Modern HDDs are remarkably reliable devices. Barring some occasional manufacturing errors, both HDDs and SSDs are commodity components with a huge amount of smarts built into the controllers. This intelligence is needed to manage the foibles of the media, whether coping with things like shingled media or managing the degradation of silicon NAND. The controller software is capable of redirecting I/O, reallocating sectors and distributing I/O evenly (in the case of SSDs) to cater for a huge number of failure scenarios.

Hyperscale Requirements

Where most customers would be happy that the drive deals with and masks media transient and permanent errors, the hyper-scalers (particularly Google in this case) would rather that many of those errors were exposed to the host in order to allow Google’s storage software layer to make decisions on how to cope with the failure. For example, a hard drive will retry a read failure to ensure the read wasn’t just a transient error. This retry process takes time and increases the latency of the request, affecting the response time of an I/O that is distributed across many devices. Google would much rather the drive simply failed and “failed fast”, allowing software to read/rebuild the data from elsewhere.
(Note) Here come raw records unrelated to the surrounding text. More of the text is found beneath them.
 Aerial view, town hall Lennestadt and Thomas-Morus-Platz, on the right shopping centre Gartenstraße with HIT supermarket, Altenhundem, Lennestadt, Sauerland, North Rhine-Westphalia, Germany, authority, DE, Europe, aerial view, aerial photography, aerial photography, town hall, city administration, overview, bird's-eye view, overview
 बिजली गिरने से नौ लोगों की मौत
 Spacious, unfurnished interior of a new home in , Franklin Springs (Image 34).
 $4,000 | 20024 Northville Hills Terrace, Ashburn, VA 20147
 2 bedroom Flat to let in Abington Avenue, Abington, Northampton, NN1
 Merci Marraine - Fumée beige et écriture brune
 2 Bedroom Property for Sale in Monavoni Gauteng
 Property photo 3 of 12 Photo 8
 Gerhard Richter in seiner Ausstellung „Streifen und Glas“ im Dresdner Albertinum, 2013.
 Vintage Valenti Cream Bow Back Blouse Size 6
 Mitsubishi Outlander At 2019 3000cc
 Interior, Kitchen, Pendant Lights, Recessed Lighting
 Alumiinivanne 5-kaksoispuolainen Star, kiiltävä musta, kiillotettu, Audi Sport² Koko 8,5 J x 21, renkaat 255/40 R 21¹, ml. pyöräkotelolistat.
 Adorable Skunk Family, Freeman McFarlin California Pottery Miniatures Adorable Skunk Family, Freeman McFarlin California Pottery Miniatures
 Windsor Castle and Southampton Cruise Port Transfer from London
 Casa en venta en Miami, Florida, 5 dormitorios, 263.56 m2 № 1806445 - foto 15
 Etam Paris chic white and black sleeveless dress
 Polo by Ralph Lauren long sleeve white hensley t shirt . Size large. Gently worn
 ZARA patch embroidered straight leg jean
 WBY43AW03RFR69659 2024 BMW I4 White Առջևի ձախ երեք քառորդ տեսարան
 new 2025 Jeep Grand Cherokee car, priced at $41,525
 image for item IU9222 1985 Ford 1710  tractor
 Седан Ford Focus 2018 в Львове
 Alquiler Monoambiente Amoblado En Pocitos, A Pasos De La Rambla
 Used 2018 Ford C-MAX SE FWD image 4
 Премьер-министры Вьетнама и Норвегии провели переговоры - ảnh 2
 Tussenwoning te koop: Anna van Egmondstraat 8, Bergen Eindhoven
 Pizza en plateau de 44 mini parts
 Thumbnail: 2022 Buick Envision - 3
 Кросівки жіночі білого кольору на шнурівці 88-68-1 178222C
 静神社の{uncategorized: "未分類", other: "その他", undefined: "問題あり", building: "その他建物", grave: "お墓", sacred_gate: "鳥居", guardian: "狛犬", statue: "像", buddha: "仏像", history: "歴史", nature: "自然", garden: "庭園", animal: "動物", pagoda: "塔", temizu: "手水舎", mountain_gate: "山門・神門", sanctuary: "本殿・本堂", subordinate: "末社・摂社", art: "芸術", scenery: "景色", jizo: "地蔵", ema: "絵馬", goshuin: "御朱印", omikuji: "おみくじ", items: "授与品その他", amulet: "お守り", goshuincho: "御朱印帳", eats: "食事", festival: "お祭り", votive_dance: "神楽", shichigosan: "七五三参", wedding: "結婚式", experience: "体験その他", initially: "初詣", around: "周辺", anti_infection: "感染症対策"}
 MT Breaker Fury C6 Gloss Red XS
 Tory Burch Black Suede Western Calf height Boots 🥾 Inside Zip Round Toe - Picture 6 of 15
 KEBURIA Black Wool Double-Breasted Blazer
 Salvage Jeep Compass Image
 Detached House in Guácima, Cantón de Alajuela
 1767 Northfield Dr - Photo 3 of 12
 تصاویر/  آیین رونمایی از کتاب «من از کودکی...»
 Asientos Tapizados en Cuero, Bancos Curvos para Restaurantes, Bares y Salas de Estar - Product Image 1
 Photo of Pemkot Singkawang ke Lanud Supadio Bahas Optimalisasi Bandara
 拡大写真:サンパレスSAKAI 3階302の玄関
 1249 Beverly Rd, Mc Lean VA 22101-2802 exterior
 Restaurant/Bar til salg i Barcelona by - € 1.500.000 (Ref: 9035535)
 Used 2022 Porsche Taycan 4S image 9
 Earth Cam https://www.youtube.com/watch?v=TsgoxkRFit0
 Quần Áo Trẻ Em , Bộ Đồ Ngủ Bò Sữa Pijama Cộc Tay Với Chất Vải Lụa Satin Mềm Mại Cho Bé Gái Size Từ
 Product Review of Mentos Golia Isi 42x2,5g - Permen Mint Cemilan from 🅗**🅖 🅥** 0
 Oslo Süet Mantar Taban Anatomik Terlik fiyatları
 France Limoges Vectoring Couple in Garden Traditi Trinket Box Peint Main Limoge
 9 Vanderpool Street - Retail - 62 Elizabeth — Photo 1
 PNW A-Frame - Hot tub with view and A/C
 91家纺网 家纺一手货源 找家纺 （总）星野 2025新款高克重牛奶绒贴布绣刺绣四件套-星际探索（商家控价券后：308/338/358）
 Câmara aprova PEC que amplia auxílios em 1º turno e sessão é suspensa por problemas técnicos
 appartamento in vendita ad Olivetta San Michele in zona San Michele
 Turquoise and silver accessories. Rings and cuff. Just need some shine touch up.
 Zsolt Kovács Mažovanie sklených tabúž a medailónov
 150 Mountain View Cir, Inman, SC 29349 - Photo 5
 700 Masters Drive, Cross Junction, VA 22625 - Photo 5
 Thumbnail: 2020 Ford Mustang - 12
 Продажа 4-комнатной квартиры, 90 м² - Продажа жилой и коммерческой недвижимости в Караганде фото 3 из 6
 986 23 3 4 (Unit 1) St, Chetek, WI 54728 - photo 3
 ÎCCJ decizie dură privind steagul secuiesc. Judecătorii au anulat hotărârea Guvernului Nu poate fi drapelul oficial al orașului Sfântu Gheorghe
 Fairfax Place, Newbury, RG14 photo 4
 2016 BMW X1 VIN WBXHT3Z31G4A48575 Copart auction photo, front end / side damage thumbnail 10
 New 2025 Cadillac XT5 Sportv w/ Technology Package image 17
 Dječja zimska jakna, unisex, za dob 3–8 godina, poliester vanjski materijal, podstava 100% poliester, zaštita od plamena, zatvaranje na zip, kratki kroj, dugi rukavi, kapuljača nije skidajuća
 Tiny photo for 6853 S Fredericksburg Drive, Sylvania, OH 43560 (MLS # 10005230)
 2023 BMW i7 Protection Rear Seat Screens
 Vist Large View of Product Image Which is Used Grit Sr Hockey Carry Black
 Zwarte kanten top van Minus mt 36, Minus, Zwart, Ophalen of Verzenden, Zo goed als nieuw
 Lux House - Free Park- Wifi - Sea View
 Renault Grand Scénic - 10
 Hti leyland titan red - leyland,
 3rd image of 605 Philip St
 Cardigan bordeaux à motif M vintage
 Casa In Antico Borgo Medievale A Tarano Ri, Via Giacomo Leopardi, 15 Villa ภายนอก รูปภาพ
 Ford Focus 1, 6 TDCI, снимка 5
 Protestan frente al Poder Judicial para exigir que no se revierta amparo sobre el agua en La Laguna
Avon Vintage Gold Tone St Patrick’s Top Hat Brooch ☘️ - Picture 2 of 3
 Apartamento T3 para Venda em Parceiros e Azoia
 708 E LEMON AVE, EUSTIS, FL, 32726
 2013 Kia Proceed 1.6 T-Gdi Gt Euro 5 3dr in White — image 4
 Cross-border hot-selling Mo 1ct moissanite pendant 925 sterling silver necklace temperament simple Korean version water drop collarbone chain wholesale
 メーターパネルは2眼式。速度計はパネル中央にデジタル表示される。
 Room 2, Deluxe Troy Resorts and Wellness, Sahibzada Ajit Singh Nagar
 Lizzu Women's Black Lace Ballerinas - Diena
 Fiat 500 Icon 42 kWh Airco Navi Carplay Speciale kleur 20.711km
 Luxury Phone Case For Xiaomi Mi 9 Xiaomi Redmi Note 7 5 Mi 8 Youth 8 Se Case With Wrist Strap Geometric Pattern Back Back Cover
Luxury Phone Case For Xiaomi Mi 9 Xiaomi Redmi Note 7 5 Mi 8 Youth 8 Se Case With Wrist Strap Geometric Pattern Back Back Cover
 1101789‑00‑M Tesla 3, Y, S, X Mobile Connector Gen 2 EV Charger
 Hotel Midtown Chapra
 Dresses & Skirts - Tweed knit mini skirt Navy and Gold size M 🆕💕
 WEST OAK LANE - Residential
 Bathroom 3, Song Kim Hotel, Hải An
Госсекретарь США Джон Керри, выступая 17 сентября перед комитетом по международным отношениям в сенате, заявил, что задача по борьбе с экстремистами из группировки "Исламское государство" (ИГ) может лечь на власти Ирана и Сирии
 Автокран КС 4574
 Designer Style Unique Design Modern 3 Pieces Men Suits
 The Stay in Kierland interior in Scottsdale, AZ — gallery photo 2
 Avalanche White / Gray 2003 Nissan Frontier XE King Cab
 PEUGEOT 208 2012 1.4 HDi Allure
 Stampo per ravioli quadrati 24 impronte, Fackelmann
Everything has been done before

This idea of pushing up the resiliency intelligence into software isn’t a brand new idea. Pure Storage uses this technique in their FlashArray code, choosing to rebuild the data from parity rather than wait for a drive to respond when it may be busy, for example, during garbage collection. In Pure’s case, the process of managing the drive presumably comes from testing with hardware (I have no idea how much bespoke code if any are on the drives Pure uses), whereas Google is specifically asking manufacturers to offer APIs and response codes that allow alternative actions to be taken. Remember also that XIO has been managing drive failure scenarios since the company was founded and using that IP to provide years of maintenance free availability on their ISE devices.

Rebuild Times

I’ve also previously thought that HDDs could have been modified to allow drive rebuilds to be done quicker. Imagine a drive is suspected of failing. As the drive reads and writes data to service host requests it repositions the read/write head and passes over many tracks and cylinders that aren’t accessed. It could be possible to read that data and make it available in cache on a second channel that could speed up the rebuild process. This is just one idea; Google has many others, including their own version of parallel access (with more drive actuator arms), alternative form factors (to increase storage density), host-managed retries and background task management. Check out the full document here.

New Features for All

How practical would these new features be for “the rest of us”? Certainly, I imagine array vendors would see significant benefits of improved data virtualisation, as would the software defined companies. I doubt these features would have much value for the consumer as most are focused on dealing with the effects of managing thousands or hundreds of thousands of drives. This means we could end up with a two-tier drive hierarchy based on reliability – almost true enterprise drives.

SNIA Recommendations

SNIA have put together a response document (the one I mentioned reviewing earlier), which discusses how some of these features could be implemented. There aren’t many hard drive vendors these days (hello Seagate, WD and HGST), so getting consensus for new features might not be that hard. You can read the report here.

The Architect’s View®

We’ve already seen the hyper-scale compute companies (Google/FaceBook/Microsoft) develop server and rack architectures that provide cheaper, more efficient deployment and management than buying from standard vendors (check out the Open Compute Project, for example). So why not try to further optimise the components? Some of the changes suggested by Google could be easily implemented, however a lot depends on the continued take up of hard drives as the medium of choice for the data centre. NAND flash may well impact this, especially if QLC technology can be delivered relatively quickly and reliably. It’s clear from the development of Kinetic drives that HDD vendors want to remain relevant. Maybe they will need to listen to the hyperscaler’s requests or find NAND flash takes over their business quicker than expected.